In un seminario del Turi (rete di istituti di ricerca sindacali europei) si è cercato di analizzare la risposta che i governi dell’Ue hanno dato alla crisi. I paesi membri non sono ancora riusciti ad invertire il cattivo andamento dell’economia reale.
Nonostante la crisi economica e finanziaria non abbia più sulle prime pagine dei giornali il peso che aveva fino a qualche tempo fa, le sue ripercussioni sono tutt’altro che esaurite, in particolare sull’economia reale, e i piani di recupero messi in campo dagli Stati membri dell’Unione europea non sono stati capaci di invertire le cattive previsioni economiche degli istituti internazionali, così indigeste al governo italiano.

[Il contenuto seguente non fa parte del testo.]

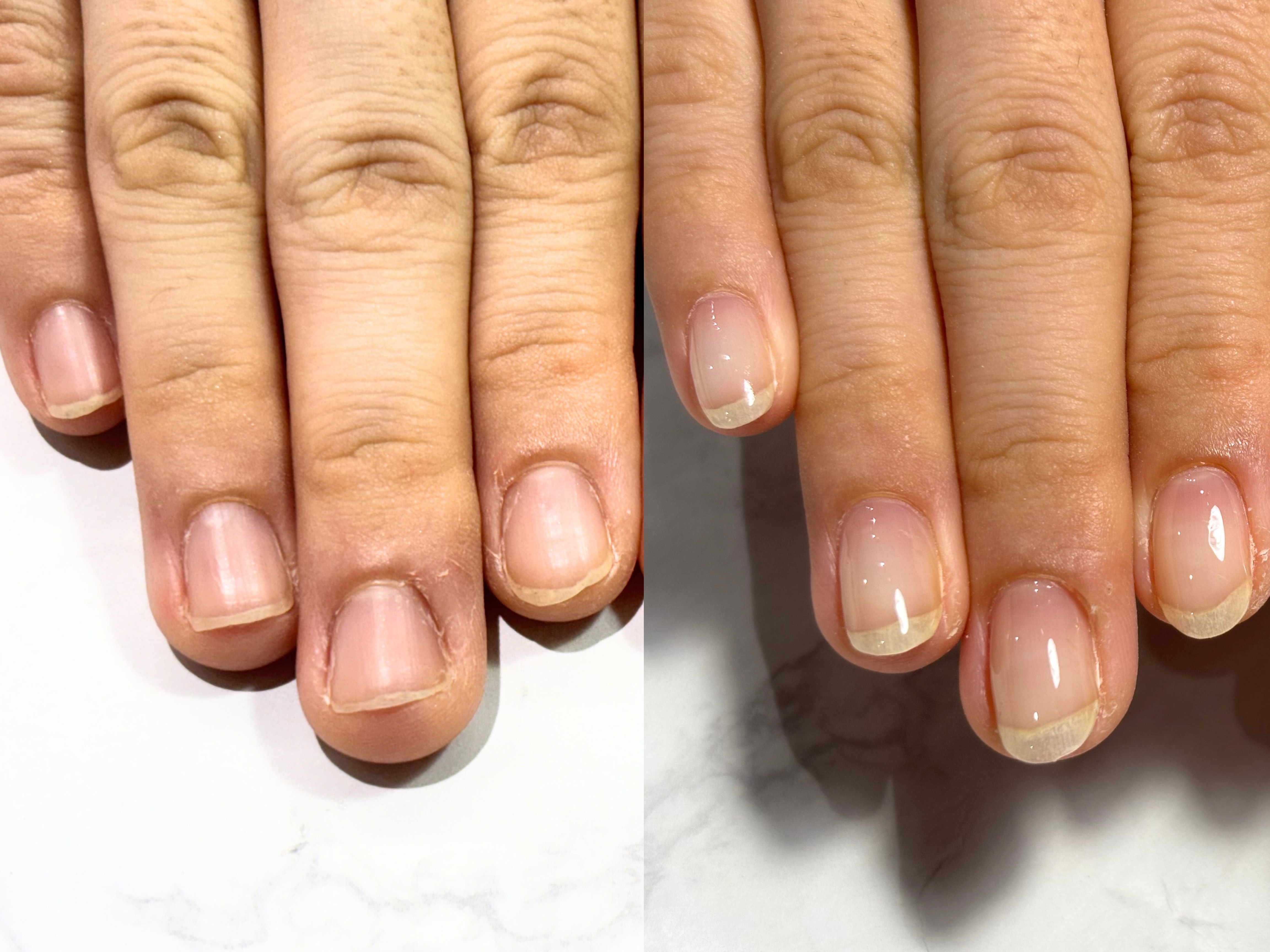 美爪強化4ヶ月プログラムサンプル写真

È in questo contesto che si è svolto il seminario del Turi (la rete di istituti di ricerca sindacali a livello europeo), dove si è cercato di analizzare la risposta che i governi dell’Unione europea hanno dato alla crisi economico-finanziaria e, in secondo luogo, di proseguire il dibattito su possibili strumenti alternativi al Prodotto interno lordo, indicatore che ha già dimostrato in più occasioni tutta la sua superficialità nel misurare la ricchezza e il benessere degli Stati.

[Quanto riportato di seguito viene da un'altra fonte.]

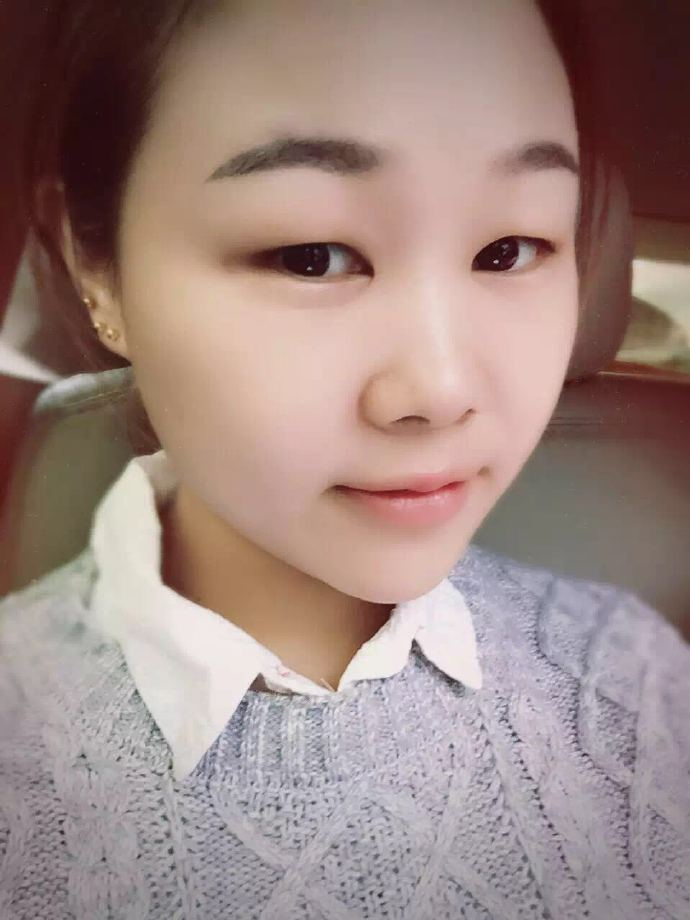 腫眼泡應該做哪種雙眼皮？汕頭曙光雙眼皮三個月效果分享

I dati presentati hanno messo in evidenza come le misure adottate, seppure spalmate su due anni (2009-2010), risultano assolutamente insufficienti, sia in termini di quantità di risorse, sia riguardo alla scelta dei provvedimenti stessi. Al netto degli aiuti alle banche e dei cosiddetti “stabilizzatori automatici”, i pacchetti fiscali implementati o annunciati dai governi presi in considerazione corrispondono all’1,8% del Pil per il periodo 2009-2010, mentre si stima lo shock derivante dalla crisi, per il solo 2009, tra il 6 e il 7% del Pil. Sono osservabili differenze considerevoli tra gli sforzi fatti dai diversi Stati presi in considerazione, sia nelle quantità di risorse effettivamente destinate ai piani di recupero, sia nel merito delle misure adottate.

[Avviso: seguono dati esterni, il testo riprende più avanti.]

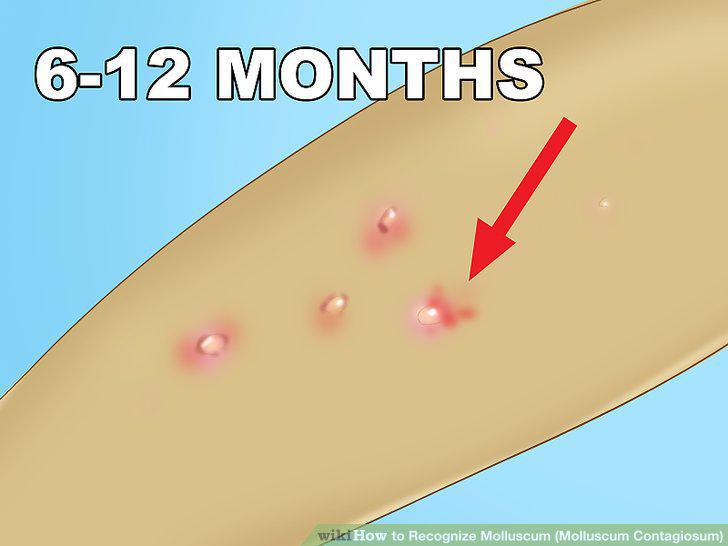 Step 9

Queste differenze sono parzialmente giustificabili dal diverso peso che gli stabilizzatori automatici hanno nelle differenti realtà nazionali e anche dall’entità delle conseguenze della crisi sulle varie economie. Ad esempio, paesi più colpiti dalla crisi, come Spagna e Germania, hanno messo in campo pacchetti di stimolo fiscale rispettivamente del 2,64 e del 4,6% del Pil (l’Italia è stimata allo 0,2%). Per evidenziare le differenze nel merito dei provvedimenti adottati si pensi che paesi come Spagna e Olanda hanno destinato l’80% delle risorse all’espansione della spesa pubblica, mentre il Regno Unito, dall’altra parte, ne ha destinato soltanto il 10%, puntando tutto sulla riduzione delle tasse.
Nel caso italiano, l’assenza di politiche di stimolo, specialmente sul fronte dell’aumento della spesa pubblica, non ha conseguenze negative soltanto per il nostro paese, ma per tutta l’Ue, visto il peso economico che l’Italia ha nello scacchiere europeo. In molti Stati sono stati privilegiati determinati settori dell’economia, quelli strategici o più colpiti dalla crisi, ma i rischi di protezionismo estremo sembrano comunque scongiurati. Contemporaneamente, sono minime le risorse che si è deciso di investire in politiche attive del mercato del lavoro e il coinvolgimento dei sindacati nella concezione e implementazione di questi pacchetti varia molto da paese a paese. Le misure cosiddette “verdi” e le risorse dedicate alla ricerca e sviluppo, appaiono, al di là degli altisonanti proclami dei governi, effettivamente scarse, specie se confrontate a quelle messe in campo da altri Stati a livello globale.
Un corposo studio empirico eseguito sui contratti collettivi nei Paesi Bassi, presentato dal professor Tangian, della fondazione Hans Böckler, ha aperto una discussione, a partire da una schietta e onesta analisi della mobilità e flessibilità nel mondo del lavoro, su quali debbano essere le priorità attuali del sindacato, messo ulteriormente all’angolo da questa crisi. Anche nella negoziazione collettiva occorrerebbe concentrarsi su grandi rivendicazioni, piuttosto che su dettagli di minore importanza per la sicurezza sociale dei lavoratori. Di fronte alla diffusione su vasta scala del precariato, bisognerebbe proporre, come sindacato, tassazioni che realmente facciano costare il lavoro flessibile di più, senza cedere al ricatto della delocalizzazione (di Andrea Albertazzi).